Valleys, mountainsides, and tiny buses

I managed to get to the bus station near the Guayaquil airport easily enough, despite being worn-out from the long flight. The bus-terminal is a mess of people milling about, with some small shops selling phones and SIM cards, a small food court, and a whole floor of booths dedicated to the many charter buses navigating the country. There is a feeling in the air of how busy it can get, but the early morning hour keeps it from being overwhelming. With some mild wandering, I secure a prepaid SIM card and a ticket to the south, to Vilcabamba, where I will be staying with Roman – one of the founders of Bosque Medicinal.

The bus itself is comfortable, although they have a TV blasting uninteresting TV shows and old movies the entire time. Luckily, I brought some headphones to try and drown out the noise. I settle into my seat and prepare to rest. As we pull out of the terminal, my curiosity overrides my sleepiness and I spend the 8-hour trip mostly staring out the window, trying to absorb as much of the country as possible from an air-conditioned seat cruising down bumpy roads. Just outside Guayaquil, it is as I expected. A mix of small houses, interspersed by large fields growing a variety of fruit, mostly bananas.

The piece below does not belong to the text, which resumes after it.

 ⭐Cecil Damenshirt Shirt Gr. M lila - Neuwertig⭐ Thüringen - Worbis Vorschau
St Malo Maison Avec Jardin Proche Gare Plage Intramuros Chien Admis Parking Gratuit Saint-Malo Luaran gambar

This reminds me of my childhood in the Caribbean. A few more settlements, and a bit less agriculture, but somehow the feeling is similar. Perhaps it is the casual way of living surrounded by verdant and lush vegetation, but likely it has more to do with an economically depressed atmosphere. The houses are simple, often made of unpainted concrete and rebar – reinforced steel bars used in construction. As we cruise through small towns and simple 3-building clusters on the roadside featuring a small restaurant, I am surprised by the many unfinished second or top floors. It seems most buildings feature rebar waving straight out of the concrete pillars that keep the structure together, waiting for the next floor or a roof to eventually come into being.

Despite the unfinished look of the construction, the houses, including the upper “unfinished” landings, have a well lived-in look. Laundry is drying on lines strung between the rebar, and outdoor carpets or simple plastic chairs adorn some of the open air second stories. Children peak out from open windows free of glass or a means of closing it to the elements and insects.

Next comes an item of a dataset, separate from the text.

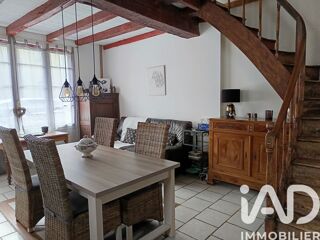  Maison à vendre 6 pièces 115 m²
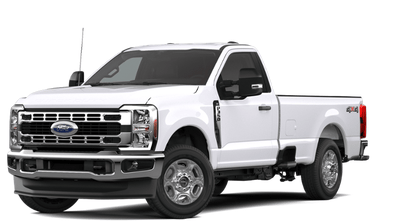 2026 Ford F-350SD XL In-Transit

In short, I was struck by how truly impoverished the region is, at least in monetary and material terms. This was in stark and vivid contrast to the beautiful abundance and lush life resplendent throughout. Life was everywhere, growing, struggling, thriving, bursting from every crack in the concrete or free piece of land. Ecuador is rich, full, and beautiful. Just not by the metrics we tend to use in our current industrial societies obsessed with incomplete and inaccurate metrics like GDP and economic output.

This was a country I was already falling in love with, and I hadn’t even stepped off the bus yet.